Only one treatment, made by Tekmira Pharmaceuticals, has yet begun human safety trials, while the others have been tested only in non-human primates.
In total, 17 Ebola drugs and 12 vaccines are in the pipeline at various companies and institutions, according to BioWorld, a Thomson Reuters publication. Some have been languishing in animal studies and other preclinical research for more than a decade.
"It is inconceivable to think that all individuals infected or at risk of infection will get treated – there’s simply not enough experimental drug to go round," said Jonathan Ball, professor of molecular virology at the University of Nottingham, who was not involved with the Oxford team's work.
Like many experts, he believes the current outbreak will be stopped by standard infection control measures and public education.
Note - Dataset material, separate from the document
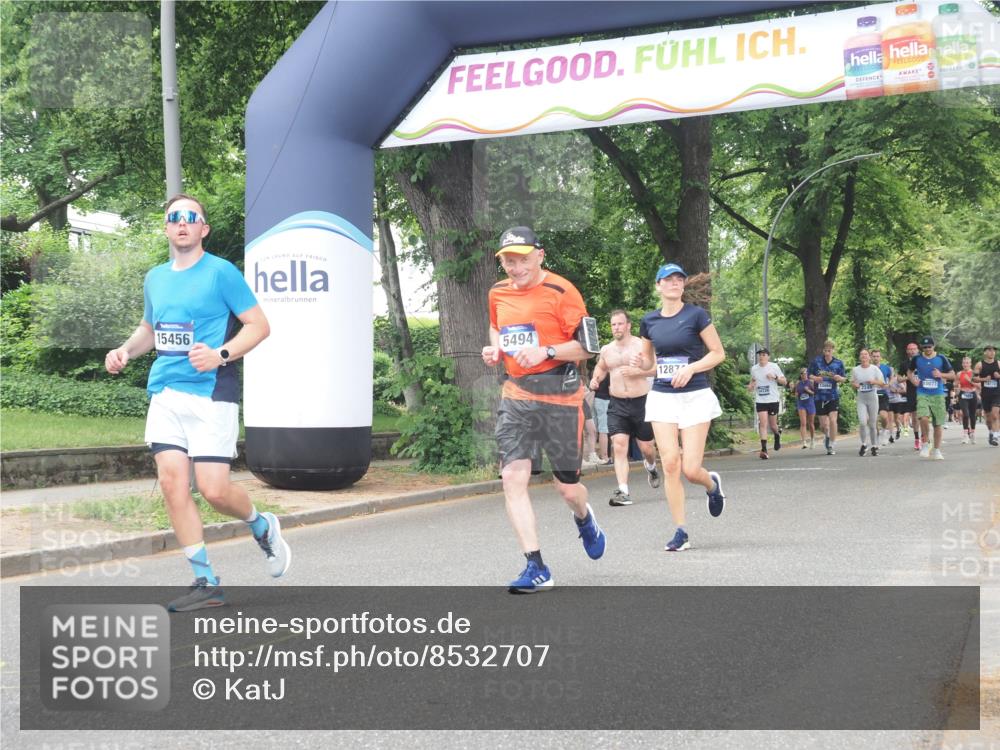 29.06.2025 - hella hamburg halbmarathon KatJ http://msf.ph/oto/8532707 29.06.2025 11:12:59 Zwischen KM18-KM19 3768, 5494 meine-sportfotos.de
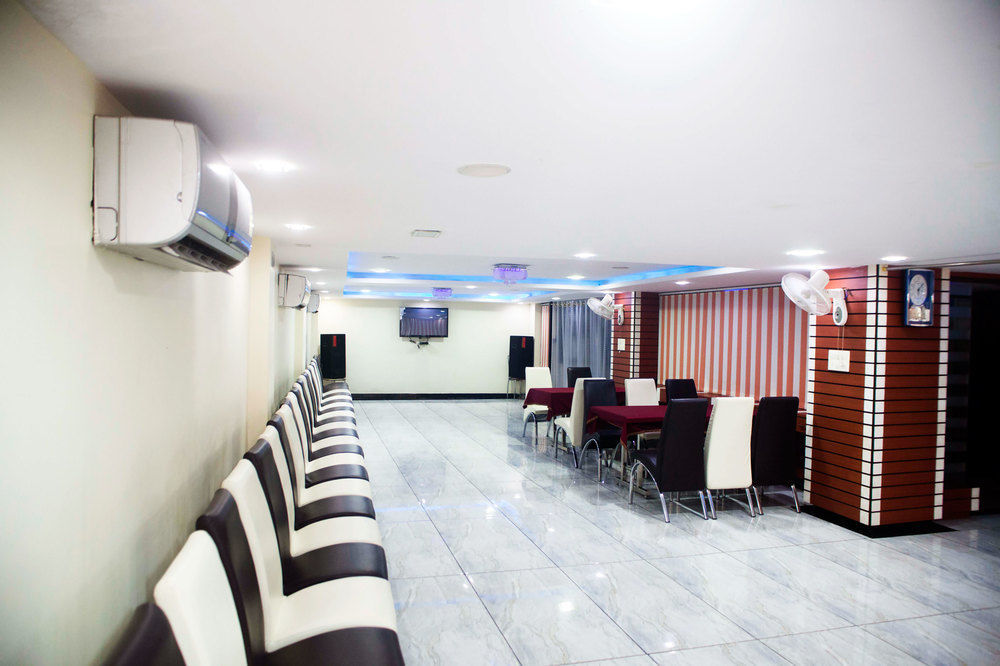Hotel Shree Vinayak Palace 博帕尔 外观 照片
“If the aim is to prevent the disease occurring in humans, then history tells us that our best bet is vaccination. But that isn’t going to happen tomorrow and it won’t solve the current problem in West Africa," Ball added.
The Canadian government said last week it would donate 800 to 1,000 doses of an Ebola vaccine developed in a government lab to the WHO, even though it is untested on humans.
Another vaccine from GlaxoSmithKline is awaiting approval from the U.S. Food and Drug Administration to begin a human safety trial, possibly as soon as next month.